La critica deve precisare sempre meglio che cosa si intenda con “sistema” da contestare. Non si tratta infatti soltanto di una struttura economica, ma di una intera antropologia che si nutre di materialismo mercantilista, di economicismo, di nichilismo edonistico, di individualismo disperato, di distruzione di ogni storia e di ogni identità culturale, di globalismo estrattivo e predatorio, e così via. La contestazione di questo sistema (mentale, culturale, e politico) torna perciò ad essere radicale, nel punto fatale in cui tutto il pianeta grida l’insostenibilità di un progetto folle di sviluppo. La nuova cultura che sta tentando di emergere in questa fase cruciale della storia è a sua volta molto complessa: è anch’essa una visione globale dell’essere umano, un’antropologia diversa, per la quale l’uomo (maschio e femmina) è  persona, intesa come mistero relazionale, un mistero cioè che si realizza solo attraverso la ricchezza e la profondità delle sue relazioni.

Questa nuova visione pone perciò la persona al centro di tutto, insieme al suo sviluppo integrale, mentre l’economia è posta al servizio di questi progetti di umanizzazione.

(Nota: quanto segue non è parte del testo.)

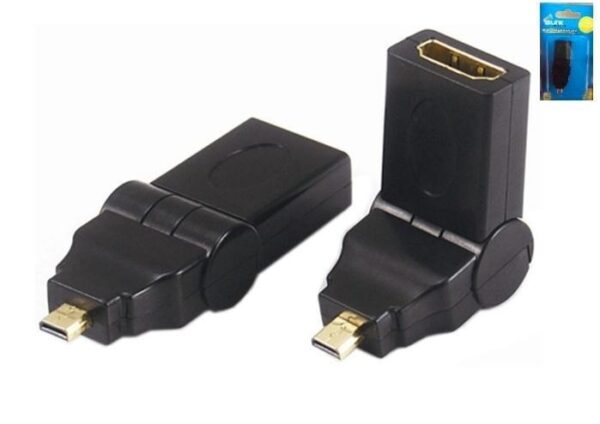 GLINK GL2207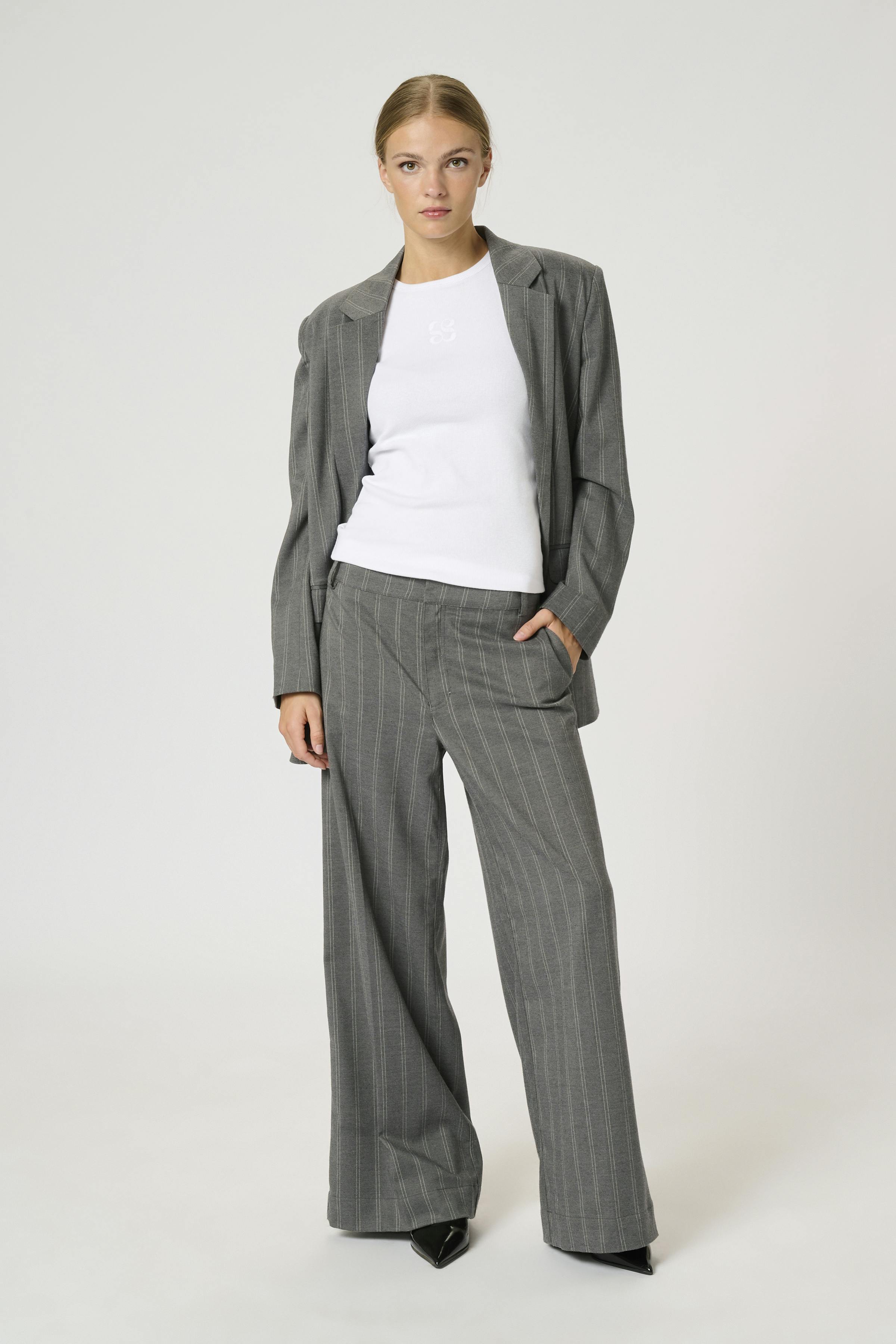 TitoMW Trousers LOOKBOOK FRONT 10704831-106313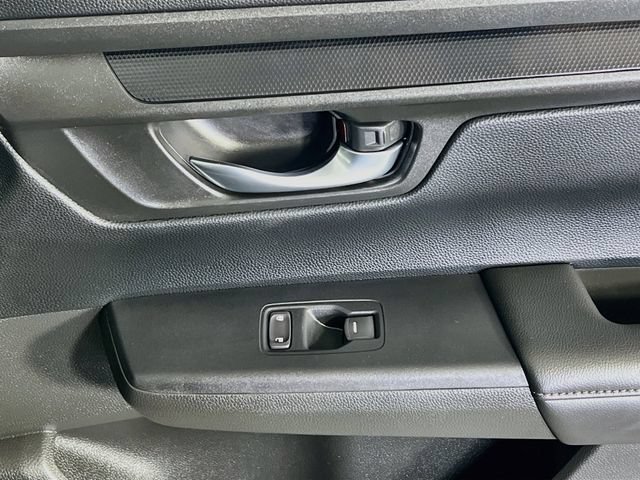 Used 2024 Honda CR-V LX image 32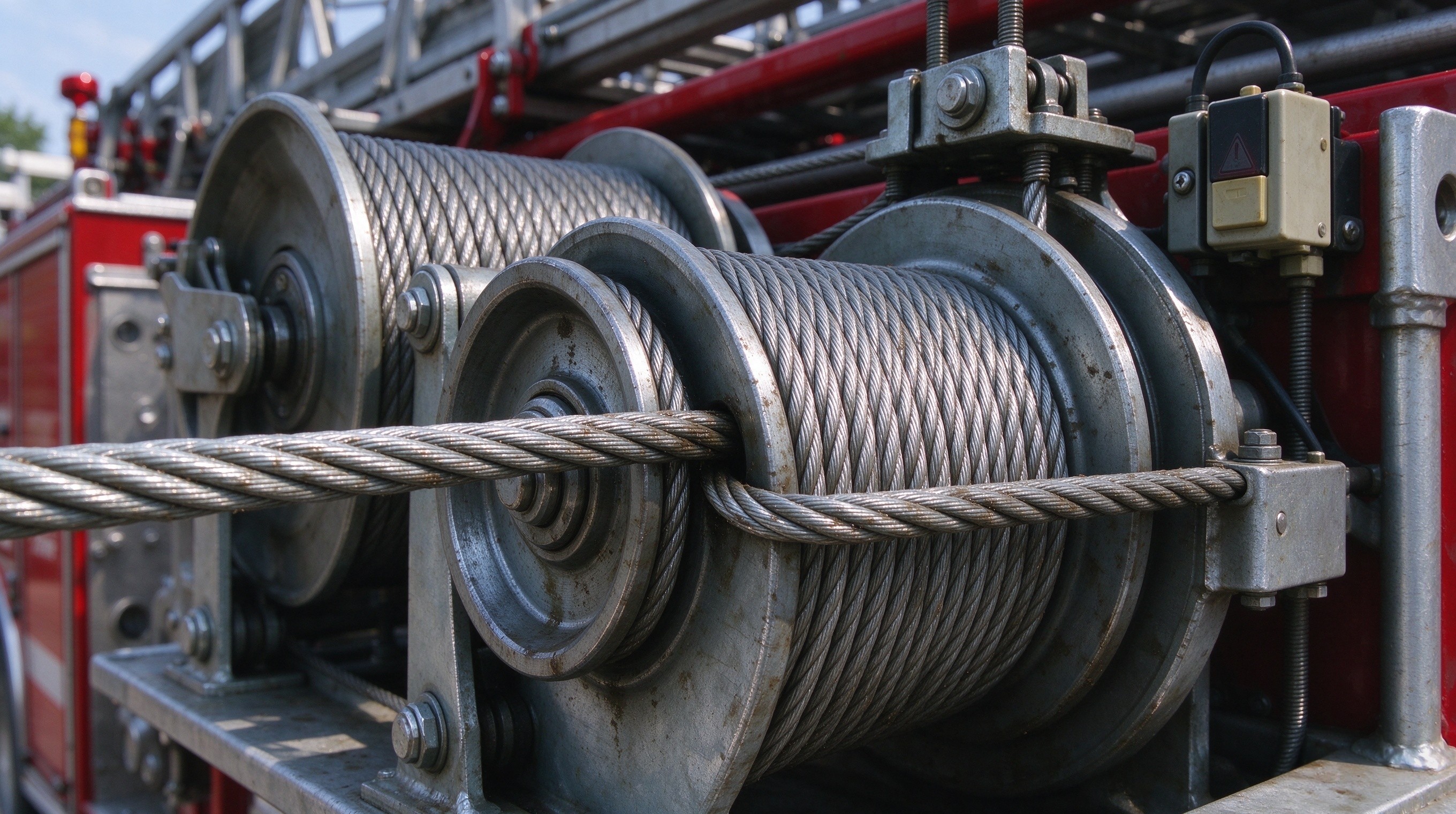 steel wire rope 13436436006794703.jpeg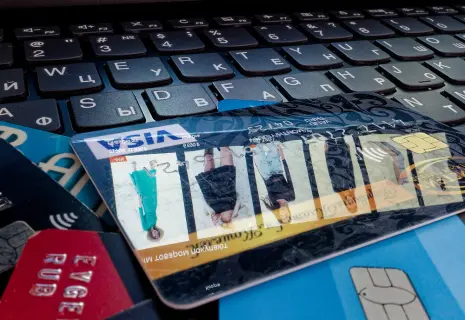 Свято место. Почему уход иностранных компаний — это так плохо, что даже хорошо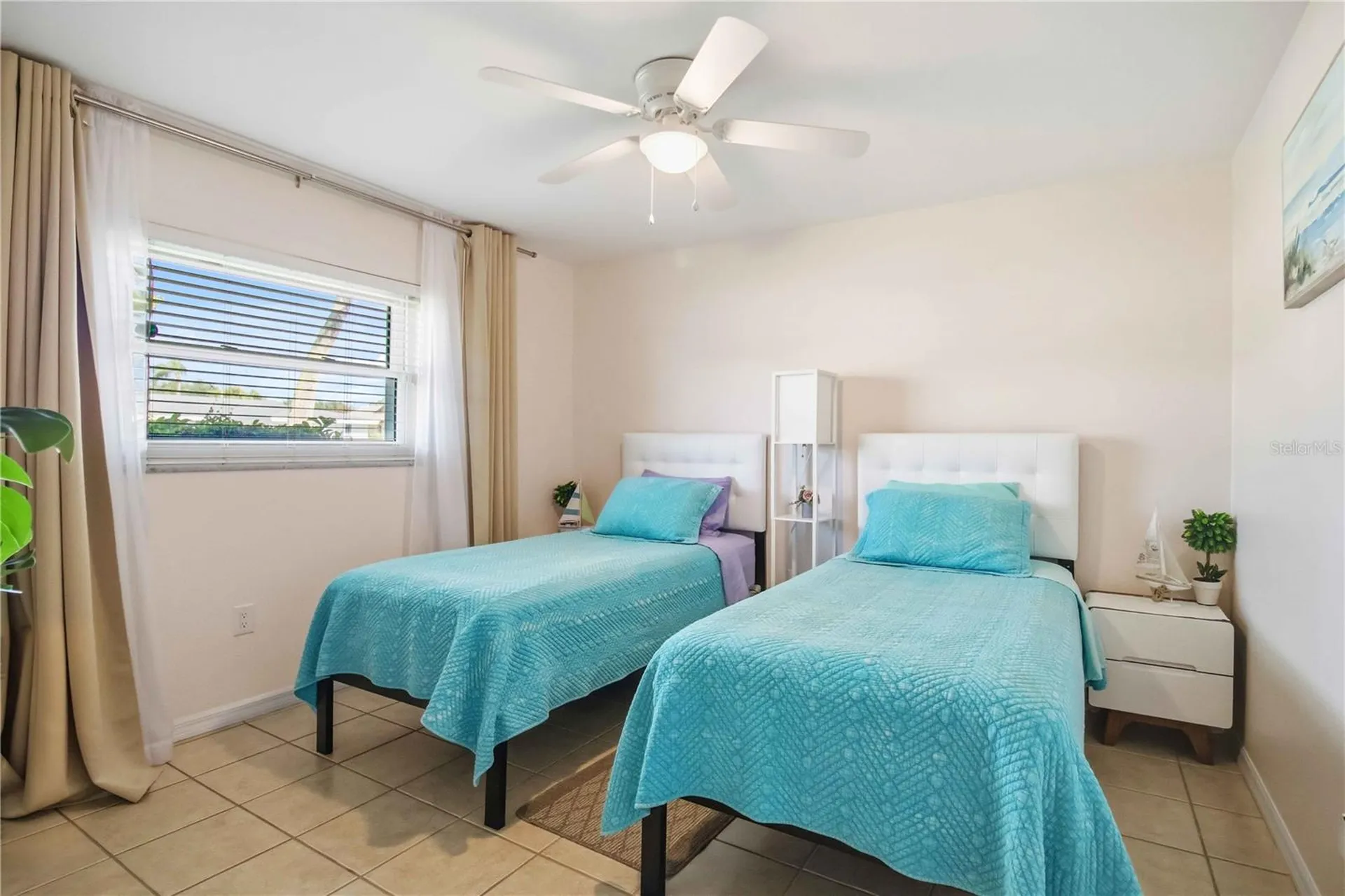 3136 Bispham Road Sarasota FL 34231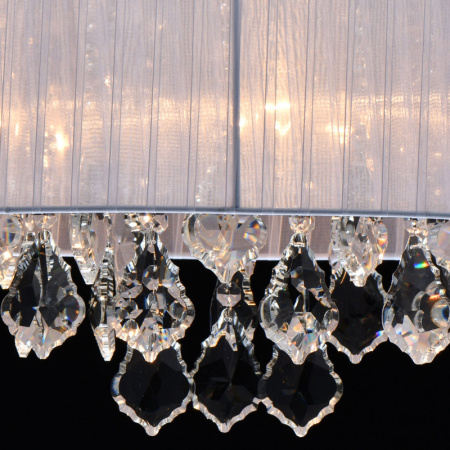 Люстры накладные — Накладная люстра MW-Light 465016006 купить в  Люстры накладные — Накладная люстра MW-Light 465016006 купить в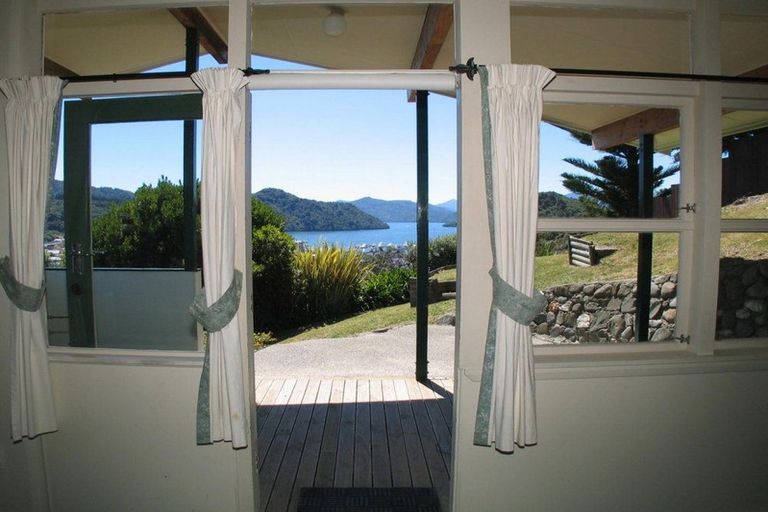 Photo of property in 31 Otago Street, Picton, 7220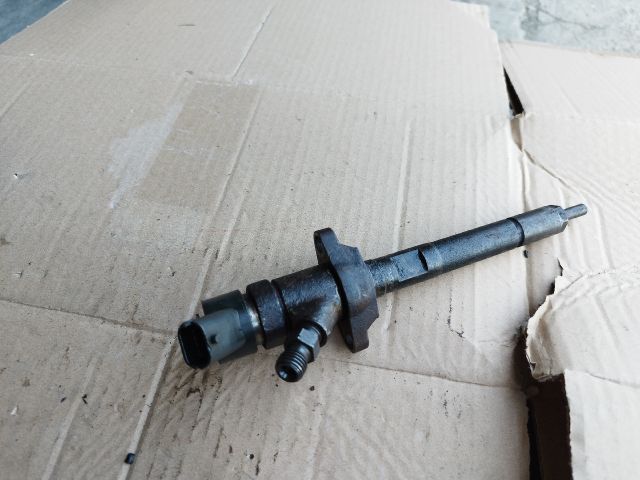 bontott FIAT SCUDO Porlasztó (1 db)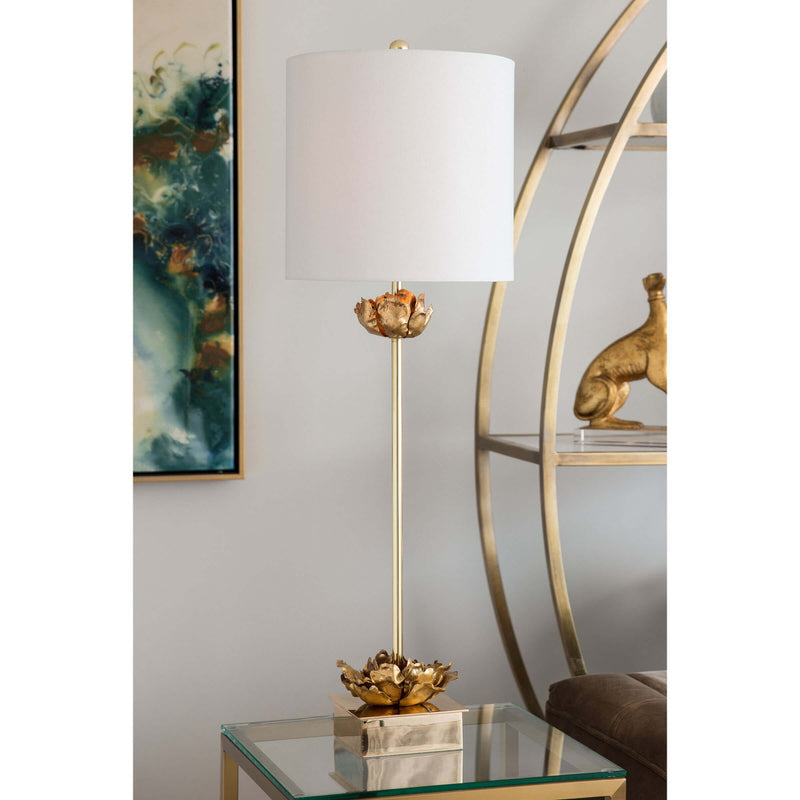 media image for adeline buffet table lamp design by regina andrew 3 224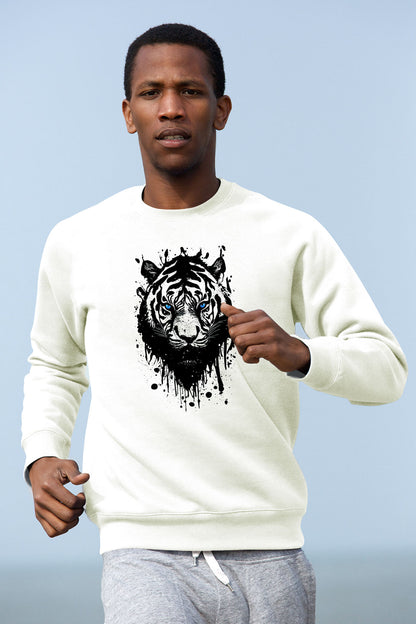 SW15425_2.jpg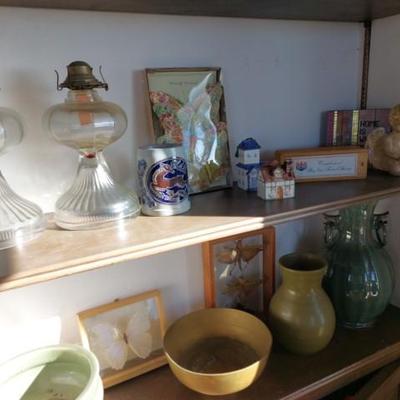 Sale Photo Thumbnail #52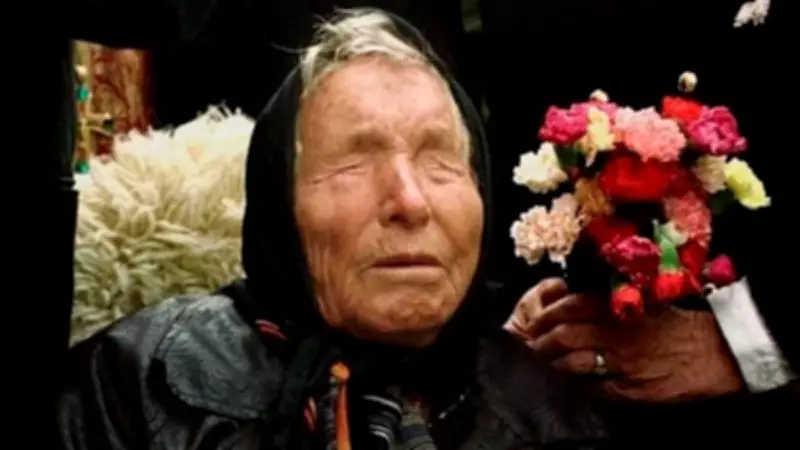 Baba Vanga 2026 Kehanetleri Gerçekleşiyor mu? İlk 5 Ay Kan Dondurdu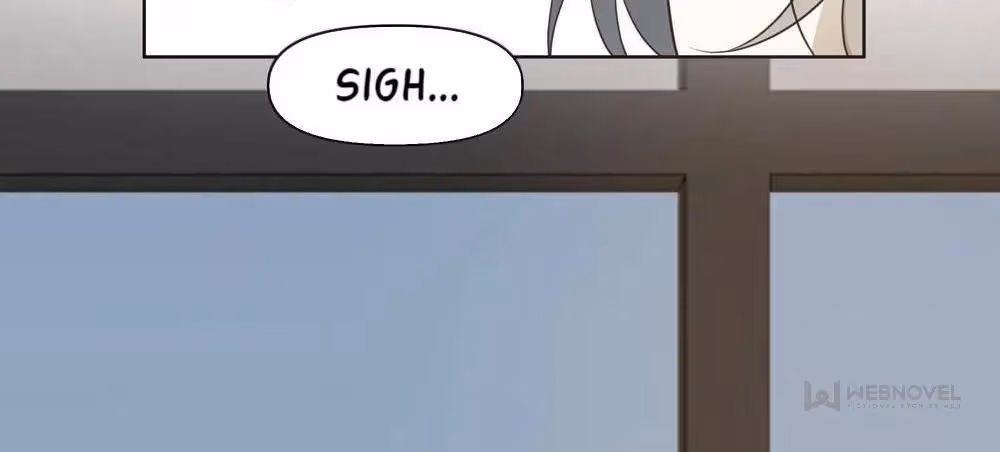 Read Hollow in the Deep chapter 90 image 66 on Lezhin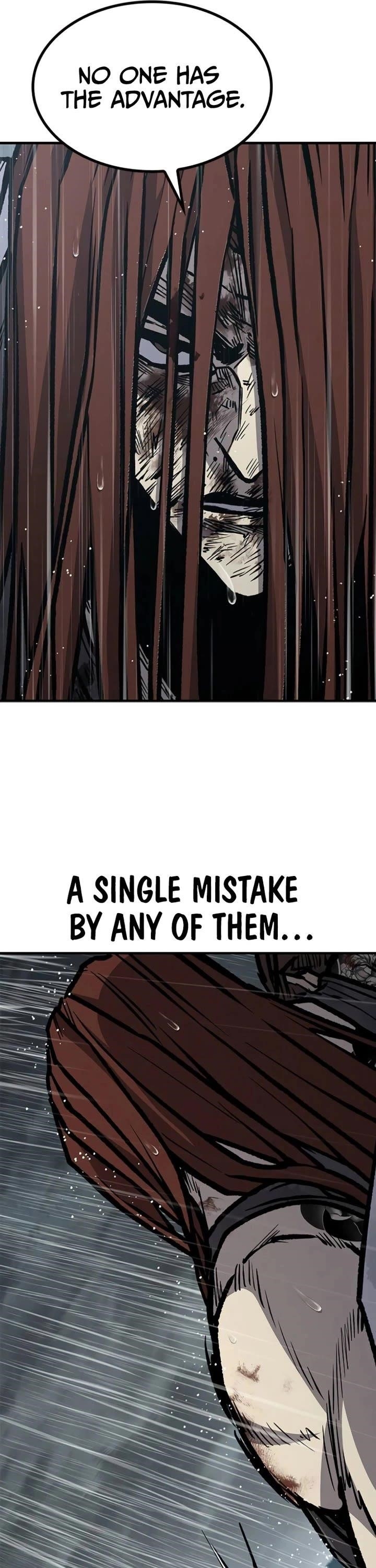 Hectopascal Chapter 60 - Page 42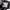 Diet Butcher Luxury Grunge Leather jacket Pria black photo 5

La nuova cultura si nutre inoltre di una spiritualità ecologica profonda, che è consapevole che tutto è interconnesso nel creato, e che il tutto è sempre superiore alla somma delle parti.

Questa nuova prospettiva umanistica riformula e rilancia inevitabilmente il progetto democratico, impantanato nelle derive neoliberiste della sinistra e della destra storiche. Questo rilancio implica tra l’altro la consapevolezza che ormai la liberazione dell’uomo deve anche essere interiore, mentale, spirituale.

Così il progetto democratico riscopre la propria essenza intrinsecamente rivoluzionaria.

Proprio con questo spirito e per questi motivi stiamo portando avanti il progetto di Parole Guerriere Seminari Rivoluzionari a Montecitorio e nelle Regioni.